As you mentioned before this is largely because the customer (SIAC) was savvy enough to set the reuirements and had the money to do it. A lot of that saviness came from lessons learned from 9/11 and fund transfer. Similar measures were taken with DoD's GIG-BE, again because the customer was knowlegable and had the financial clout to enforce the requirements and demand the information. My argument simply is if this kind of awareness can be made more broadly available you end up with a more resilient infrastructure overall. An anonymous data pool is just one suggestion of a market based mechanism to do it. ----- Original Message ----- From: Michael.Dillon@btradianz.com Date: Friday, January 20, 2006 5:37 am Subject: Re: The Backhoe: A Real Cyberthreat?

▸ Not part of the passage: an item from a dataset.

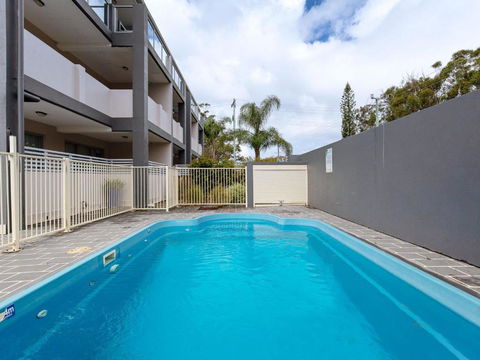 9 Shoal Bay Beach Apartments 2 Shoal Bay Road Air Conditioning & Complex Swimming Pool - Darwin Holiday 1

Imagine if 60 Hudson and 111 8th were to go down at the same time? Finding means to mitigate this threat is not frivolously spending the taxpayer's money, IMO; although perhaps removing fiber maps is not the best way to address this.
No, removing fiber maps will not address this problem now that you have pinpointed the addresses that they should attack.
Separacy is the key to addressing this problem. Separate circuits along separate routes connecting separate routers in separate PoPs. Separacy should be the mantra, not obscurity.
End-to-end separation of circuits is how SFTI and other financial industry networks deal with the issue of continuity in the face of terrorism and other disasters. In fact, now that trading is mediated by networked computers, the physical location of the exchange is less vulnerable to terrorists because the real action takes place in redundant data centers connected by diverse separate networks. Since 9-11 was a direct attack on the financial services industry, people within the industry worldwide, have been applying the lessons learned in New York. Another 9-11 is simply not possible today.